A Deep and Lasting Connection
Marie Losh was a mother to four children, the youngest only three months old, when she and her family boarded an ocean liner for the Philippines in 1957. Her husband, Ken, had accepted the position of chaplain at Central Philippine University, and the young family was embarking on a decade-long residence in Iloilo City. “My father was a minister because he loved people,” Ken and Marie Losh’s daughter Laurie recalls. “To him, this seemed like a great opportunity to be both a minister and a chaplain, and to work with students.” It wasn’t long, she said, before “the people and events of the CPU campus were integrated into every moment of our lives.”
Ken Losh’s role at CPU was the more formal one, yet Marie was equally engaged in campus life. “My mother was a lifelong teacher,” Laurie says, and as an elementary school teacher and a music instructor she helped deepen the young family’s connections to the CPU community. Laurie’s lasting impression of the family’s years at CPU is of a huge extended family, with their busy household hosting youth groups, the college softball team, and missionary and CPU faculty families. The Losh family had a U.S. furlough in 1962-1963 and the returned to the Philippines (again by ship – and again with a new baby!).
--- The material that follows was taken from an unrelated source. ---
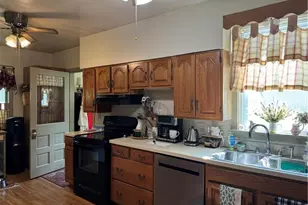 149 S Franklin St, Prospect Boro, PA 16052 - Photo 5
Ken and Marie continued their work at CPU until 1968, when new responsibilities for Ken in ministry, education, and service called the family stateside. Reunions with Centralians kep the CPU connections strong until Ken’s passing in 1998 and Marie’s on February 5, 2015.
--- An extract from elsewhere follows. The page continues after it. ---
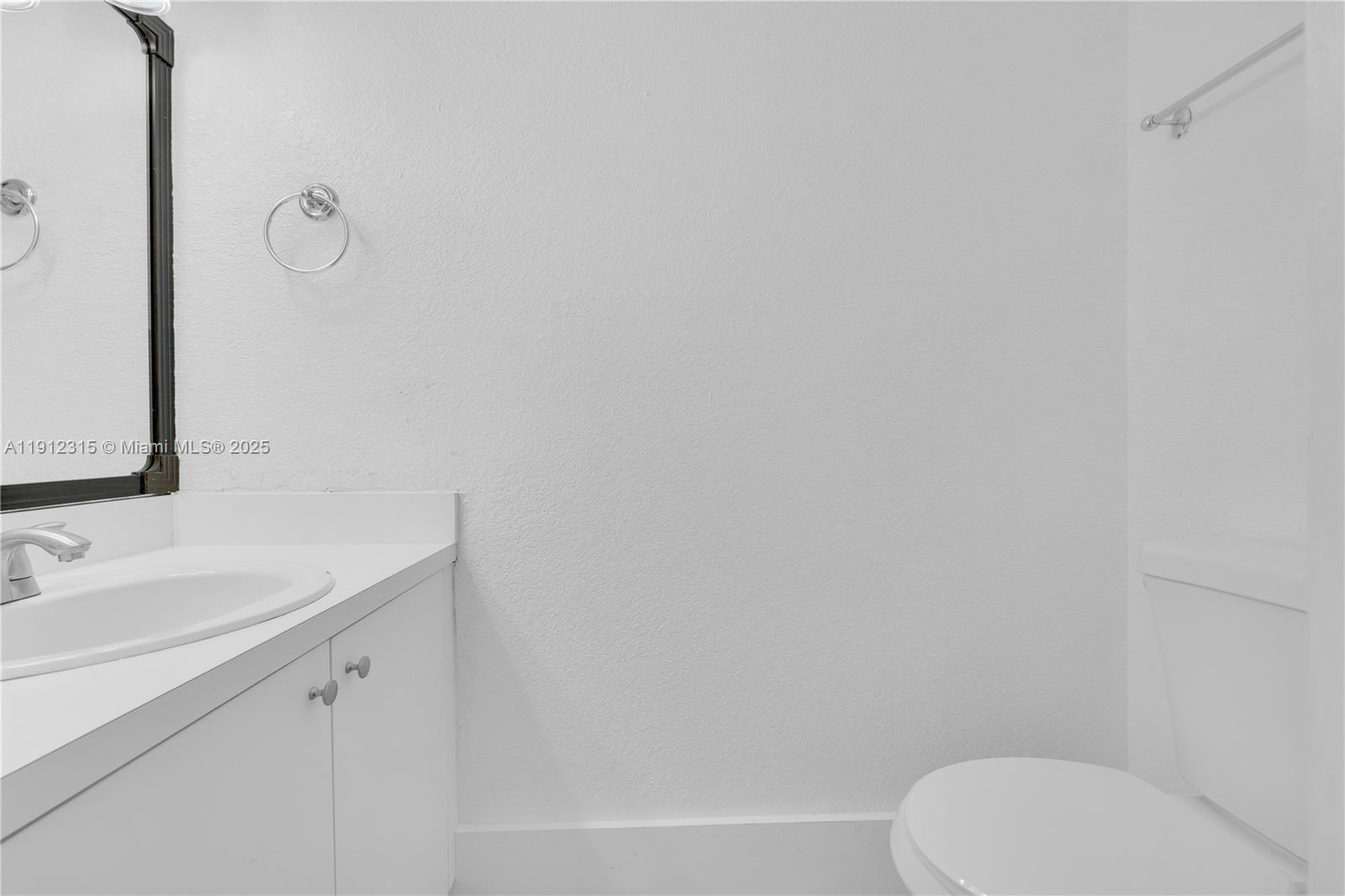 THE BERKELEY CONDO - Residential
Ken and Marie loved working with students, in the Philippines and the United States, and never sought recognition for their work. “They were doing good because they were good,” their daughter says, and that sense of quiet modesty describes their philanthropy as well. For more than 25 years, their contributions to the United Board supported grants to CPU for improvements to the library and Rose Memorial Auditorium and for enriching academic life. A bequest from Marie Losh’s estate to the United Board ensures that her legacy of generous support for CPU continues.
The United Board extends its sympathy to the Losh family on the recent loss of their mother, grandmother, and great-grandmother, and we expresses our gratitude for the legacy gift from Marie Losh, a woman with a most generous spirit.